Investor Buyers Still Active

Mon, 03/10/2014 - 10:19

Investor buyers continue to be active in the residential market. About 20 percent of REALTORS® who responded to a monthly survey about their last sale in January 2014 reported that the sale was made to a buyer buying for investment purposes.

See the January REALTORS® Confidence Index Survey report for more information.

February Employment Situation

Fri, 03/07/2014 - 10:03

In each Economic Update, the Research staff analyzes recently released economic indicators and addresses what these indicators mean for REALTORS® and their clients. Today’s update discusses employment.

  • The economy added 175,000 net new jobs in February, thereby bringing total in the past 12 months to 2.2 million.  Job creations provide the foundation for a new set of homebuyers and for increased demand for commercial real estate.
  • The unemployment rate moved up one notch to 6.7 percent.  At its worst a few years ago, the unemployment rate was 10 percent.  Though this is progress, there is a bit of murkiness in the unemployment figure because of those who dropped out of the labor force and are not counted.  A cleaner measure is the employment rate: the proportion of the working age population with jobs.  The employment rate has remained stuck at 58.8 percent, about the same level for the past five consecutive years.  Before the recession hit, the employment rate had been about 63 percent.  In short, there has been an improvement in the unemployment rate, but absolutely no improvement in the employment rate.
  • Construction related jobs have increased by 152,000 in the past year.  However, the degree of recovery is very weak considering the massive job cuts that occurred in this sector.  Moreover, there appears to be sizable pent-up hiring demand in construction since home building activity has increased by 50 percent from the low of few years ago while the residential construction jobs have increased by only 12 percent.
  • The average hourly earnings are beginning to move up.  It rose to $20.50 per hour for nonsupervisory jobs.  That is up 2.5 percent over the year and the fastest gain since 2010.
  • The number of part-time workers who wish to have full-time jobs remains elevated.  There are 7 million Americans in this status.
  • A total of 91 million Americans are not in the labor force.  Retirees, spouses looking after kids, college students, and the disabled are among those not in the labor force.  Because of rising population, this figure should also rise over time.  However, the pace of increase of the people not working in recent years has been higher than normal.
  • Americans are defined not by birth, but by what they can achieve.  It is said that common sense and hard work are all one needs to succeed in America.  For example, an unschooled drifter named Benjamin Franklin ended up inventing many new things to improve the lives of ordinary people because he was out there working every single day.  Not hindered by his parent’s illiteracy, Abraham Lincoln learned to read and write on his own without formal schooling in another example.  Andrew Carnegie delivered newspapers in Pittsburgh as a teenager to get ahead and eventually became one of the wealthiest, after gladly leaving the old, stuffy world of Downton Abbey.  Harriet Tubman risked her life many times to re-enter slave states in order to help more people gain freedom.  Her words: “Even when you are tired, you keep going.”  Fewer Americans today appear to live by the same enterprising spirit.

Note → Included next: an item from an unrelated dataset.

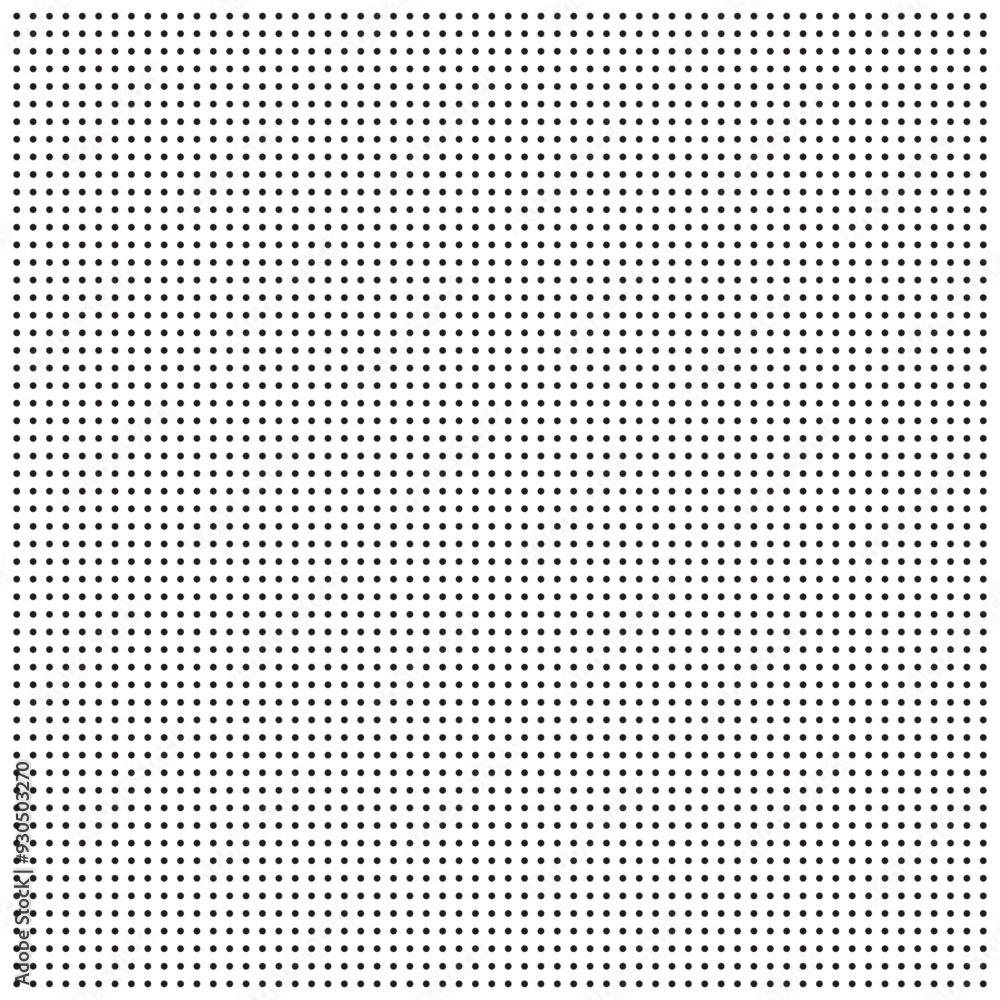 Poster dotted grid pattern background with dots in square points on vector white paper. dotted grid seamles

A more granular look at home prices

Fri, 03/07/2014 - 08:07
  • Previously, we looked at the FHFA and Case-Shiller release focusing on national data trends. Today, we’ll dig a bit deeper to look at more local data at the regional, state, and city or MSA level.
  • Monthly FHFA releases data at the Census division level and quarterly it releases state and metro area data. Case-Shiller offers data on 20-cities monthly. Both of these sources confirm the trend seen in NAR measures.
  • At the regional level: the most robust home price gains from a year ago were in the West. NAR reported price change of 15.5% in December and 14.6% in January. According to FHFA year over year prices in December 2013 rose 14.9 percent in the Pacific division which includes Hawaii, Alaska, Washington, Oregon, and California and 12.6 percent in the Mountain division which includes Montana, Idaho, Wyoming, Nevada, Utah, Colorado, Arizona, and New Mexico.
  • Likewise, NAR data showed the smallest price gains from a year ago in the Northeast (3.5% for the year ending in December and 6.6% for the year ending in January), and FHFA showed a similar pattern. Prices rose 2.7 percent in New England (Maine, New Hampshire, Vermont, Massachusetts, Rhode Island, Connecticut) and 2.1 percent in the Middle Atlantic states (New York, New Jersey, Pennsylvania) from December one year ago.
  • State by state data, pictured below, shows more detail. Some states in the South had very robust growth: Florida, Georgia, and Texas, but the region as a whole had more moderate growth because of states with more modest home price growth or mild declines such as West Virginia, Arkansas, and Mississippi.
  • Among cities, Case-Shiller reported the biggest year over year gains in Las Vegas, San Francisco, and Los Angeles. Each had more than 20% year over year gains. The smallest gains in Case Shiller’s cities were Cleveland at 4.5 percent and New York at 6.3 percent. While the cities covered differ, NAR saw similar trends with the largest home price gains in the 4th quarter out West in cities such as Sacramento and Las Vegas. NAR also saw substantial home price gains in Atlanta, a city that showed an 18.1 percent year over year gain by Case Shiller’s measure. In the quarterly release, FHFA produced a similar list of the top-20 metro areas. Again, the specific areas covered are different, but many of the top metro areas on FHFA’s list are out West including Modesto (CA), Stockton-Lodi (CA), and Vallejo-Fairfield (CA) as the top 3.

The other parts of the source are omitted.